By the way, when I speak about warmer and cooler, I'm talking about global surface temperatures, which is not at all the same thing as the global heat budget (total amount of heat energy in the planet's system). The latter includes heat energy in the soil and, crucially, oceans (as well as the energy required for phase shifts, like melting ice). See this useful infographic.

So, at the risk of oversimplifying a very complex process, the extra heat being trapped in the planetary system (added to the system) increases with only relatively minor variations, year on year. All the time, the vast majority of this energy is going into the oceans. In fact, the radiative forcing from human emissions is the equivalent of adding the energy of more than ten Hiroshima bombs every second to the planet, and more than nine of these go into the oceans. During La Niña conditions, slightly more of this incoming energy ends up being stored in the oceans and during El Niño conditions, slightly more is shared with the atmosphere. So if we're only looking at atmospheric temperatures, we're really only seeing part of the picture.

byron smith said...

Tamino illustrates the increased likelihood of extreme events with some fairly straightforward statistics and a dice analogy.

Simon said...

What gets me is all the records that have been broken and we are still just coming out of a solar minimum. Now thats scary.

byron smith said...

Simon - Indeed, and we're had more aerosol negative forcing than at any time since the 50s and 60s due to the explosion of Chinese coal plants.

Simon said...

Byron if there is a silver lining it is that for many people their views on climate change hinge on current weather patterns; so when we come out of the cooling and they start to get a taste of real heat we will start to see some momentum for change.

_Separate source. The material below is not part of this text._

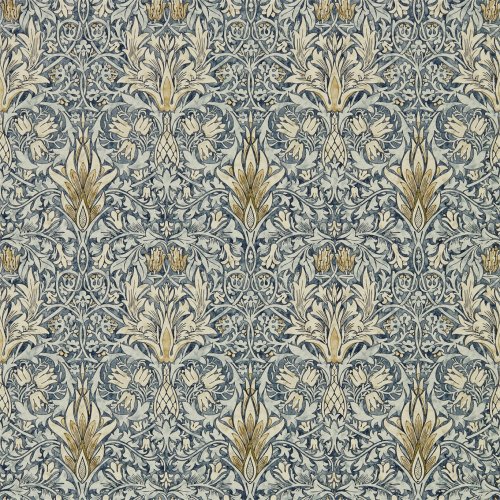 Morris & Co Snakeshead Indigo & Cumin Wallpaper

Secondly I imagine that when they have to face this people's natural tendency to scapegoat and blame others, we will see them turn on climate deniers and corporate funders.

byron smith said...

Pennsylvania report: When it rains, it pours. Extreme precipitation events on the rise.

byron smith said...

Planet 3.0: Some recent journal papers on extreme weather.

byron smith said...

Conversation: Observations show rising global precipitation. The authors include some important caveats against overly simplistic readings of their data:

"Nevertheless our analysis should not be interpreted as suggesting that the rapid increase in flood damage which has occurred over the past few decades is entirely attributable to climate change.

"In fact, other changes such as deforestation, rapid urbanisation and an increase in the number of people living in flood plains are likely to account for the bulk of these changes. Furthermore, not all floods are caused by extreme rainfall events. Snow melt and storm surge also contribute to overall flood risk. Antecedent moisture – the wetness of the catchment prior to the flood-producing rainfall event – can also have a substantial influence on flood risk. In some parts of Australia this might even cause flood risk to decrease because of an expected increase in the number or severity of future droughts.

"Despite all these caveats, our recent study contributes to the debate on how climate change will affect flood risk, by showing that the intensification of rainfall extremes is not just a projection made by climate models. Rather, it can already can be detected in our observational record."